» Work order
Look for the word "Collar" in the data below, and copy every line that holds it.

(Beginning of Supplied material)

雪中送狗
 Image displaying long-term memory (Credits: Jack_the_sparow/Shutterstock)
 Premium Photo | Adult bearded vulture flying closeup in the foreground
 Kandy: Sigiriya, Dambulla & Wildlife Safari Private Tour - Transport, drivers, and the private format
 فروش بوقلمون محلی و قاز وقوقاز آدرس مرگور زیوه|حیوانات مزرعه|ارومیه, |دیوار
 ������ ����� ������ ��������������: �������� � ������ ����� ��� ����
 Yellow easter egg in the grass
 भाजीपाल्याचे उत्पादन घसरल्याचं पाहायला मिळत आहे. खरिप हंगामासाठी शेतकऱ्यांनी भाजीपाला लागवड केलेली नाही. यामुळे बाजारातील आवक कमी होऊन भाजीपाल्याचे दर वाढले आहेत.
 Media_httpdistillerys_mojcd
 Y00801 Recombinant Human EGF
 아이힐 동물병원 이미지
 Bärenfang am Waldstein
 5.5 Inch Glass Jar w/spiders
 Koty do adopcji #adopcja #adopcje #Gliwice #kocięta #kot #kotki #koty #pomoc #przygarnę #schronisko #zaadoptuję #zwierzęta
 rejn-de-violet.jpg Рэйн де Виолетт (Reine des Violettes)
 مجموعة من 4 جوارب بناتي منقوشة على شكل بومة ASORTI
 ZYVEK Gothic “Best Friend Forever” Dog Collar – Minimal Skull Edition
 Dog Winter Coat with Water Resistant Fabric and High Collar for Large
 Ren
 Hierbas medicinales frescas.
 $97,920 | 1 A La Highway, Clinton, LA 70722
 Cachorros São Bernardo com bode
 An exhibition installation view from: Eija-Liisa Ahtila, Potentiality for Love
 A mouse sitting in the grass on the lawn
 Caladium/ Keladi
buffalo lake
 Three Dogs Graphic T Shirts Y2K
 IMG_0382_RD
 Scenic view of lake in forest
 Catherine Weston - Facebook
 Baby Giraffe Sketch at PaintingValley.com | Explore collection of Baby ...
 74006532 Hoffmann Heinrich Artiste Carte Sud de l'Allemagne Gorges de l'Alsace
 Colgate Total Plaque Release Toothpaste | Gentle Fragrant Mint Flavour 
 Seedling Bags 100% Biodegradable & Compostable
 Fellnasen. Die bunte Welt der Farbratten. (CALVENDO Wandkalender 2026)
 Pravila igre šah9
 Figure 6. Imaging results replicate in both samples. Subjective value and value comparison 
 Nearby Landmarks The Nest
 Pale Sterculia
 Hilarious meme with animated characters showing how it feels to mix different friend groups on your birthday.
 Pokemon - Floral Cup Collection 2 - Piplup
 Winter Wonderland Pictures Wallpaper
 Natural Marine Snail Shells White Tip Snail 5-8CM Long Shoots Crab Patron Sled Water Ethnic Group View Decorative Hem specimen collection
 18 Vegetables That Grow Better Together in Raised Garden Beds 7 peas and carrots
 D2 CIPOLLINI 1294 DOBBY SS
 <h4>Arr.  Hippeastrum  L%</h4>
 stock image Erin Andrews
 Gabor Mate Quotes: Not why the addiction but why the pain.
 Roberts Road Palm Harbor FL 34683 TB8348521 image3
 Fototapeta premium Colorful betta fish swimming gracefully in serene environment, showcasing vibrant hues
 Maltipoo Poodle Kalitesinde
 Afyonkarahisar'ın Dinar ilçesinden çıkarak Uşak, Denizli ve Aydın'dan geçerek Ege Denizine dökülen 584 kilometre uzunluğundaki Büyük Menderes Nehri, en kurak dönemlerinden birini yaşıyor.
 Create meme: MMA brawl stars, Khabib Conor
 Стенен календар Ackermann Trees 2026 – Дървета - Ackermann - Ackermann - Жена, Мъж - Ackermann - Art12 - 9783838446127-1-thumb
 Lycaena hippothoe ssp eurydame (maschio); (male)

(End of Supplied material)

» Solution
 ZYVEK Gothic “Best Friend Forever” Dog Collar – Minimal Skull Edition
 Dog Winter Coat with Water Resistant Fabric and High Collar for Large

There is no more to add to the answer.